Fig. 5

sprouty4 loss-of-function leads to the reduction of MP formation.

(A) Sequencing of spry4^WT and spry4^fh117 confirms the single A to T mutation in position 469 of the spry4 ORF, resulting in the premature stop codon. (B) Predicted peptide arising from spry4^WT and spry4^fh117. The mutation results in a truncated protein of 157 amino acids (K157 in red is replaced by a stop codon) lacking the conserved cysteine rich domain [31] also called the spry domain (blue).
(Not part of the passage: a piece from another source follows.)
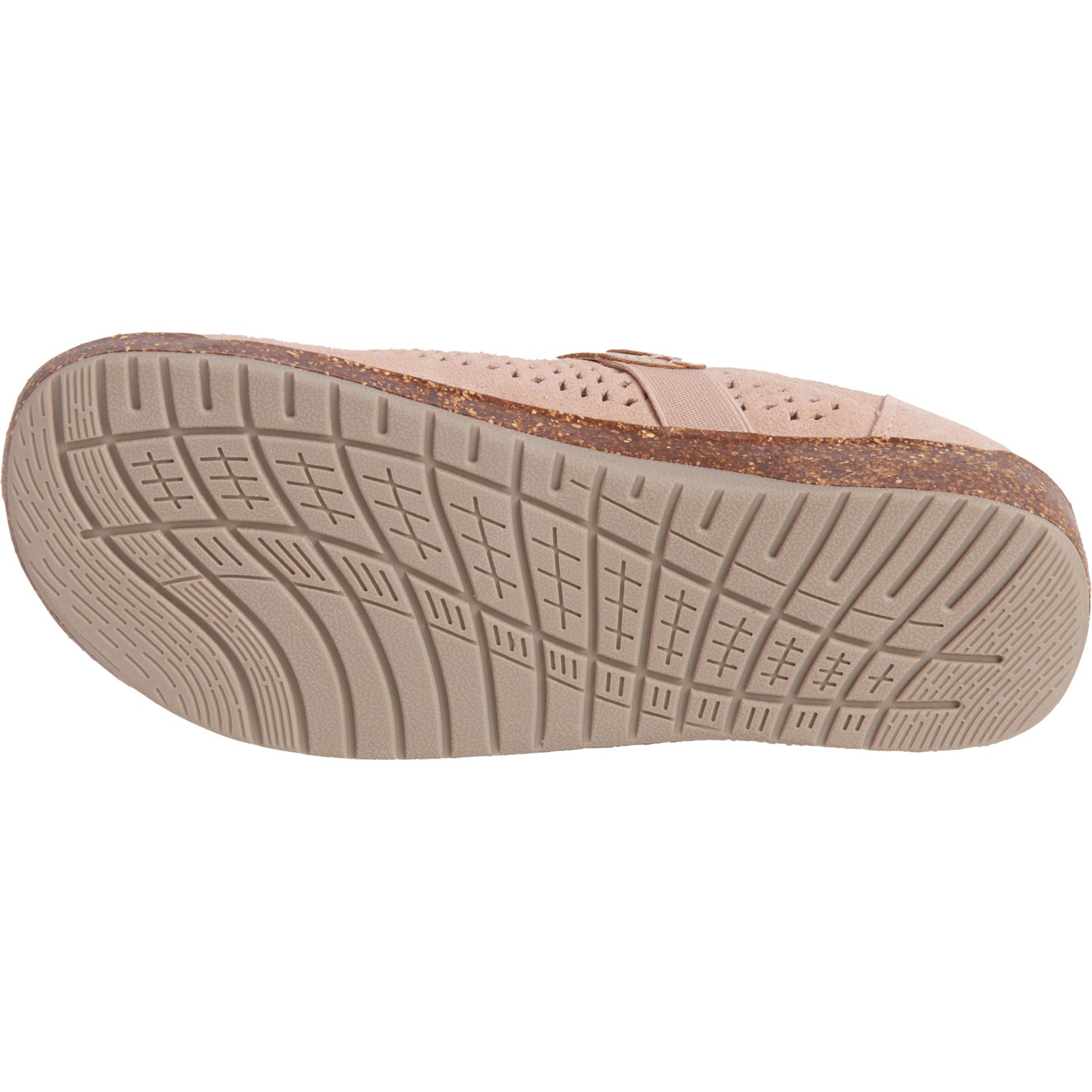 earth aurora shoe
This domain has been involved in RTK inhibition in other systems. (C–F) spry4 expression at 10-somite in WT, spry4^fh117/+, Z spry4^fh117 and MZ spry4^fh117 embryos as determined by in situ hybridization. Whole mounted embryos, lateral view. (G–H) Erm expression in 9-somite WT and MZ spry4^fh117 embryos. Flat mounted embryos, anterior toward the top. (I–J) sMyhc expression (red) in the somites of (I) WT and (J) MZ spry4^fh117 embryos at 1 dpf. Maximal projection of multiple confocal scans, lateral view. (K) Graphic representation of the number of MPs per somite of 1 dpf embryos in different conditions: WT, spry4^fh117/+, and MZ spry4^fh117 untreated embryos or after DMSO or SU5402 treatments, values = means, error bars = s.e.m, ***p<0.001. (L–O) Engrailed (green) and Prox1 (red) expression in the somites of 1 dpf WT or MZ spry4^fh117 embryos, after DMSO or SU5402 treatments, scale bar = 50 μm.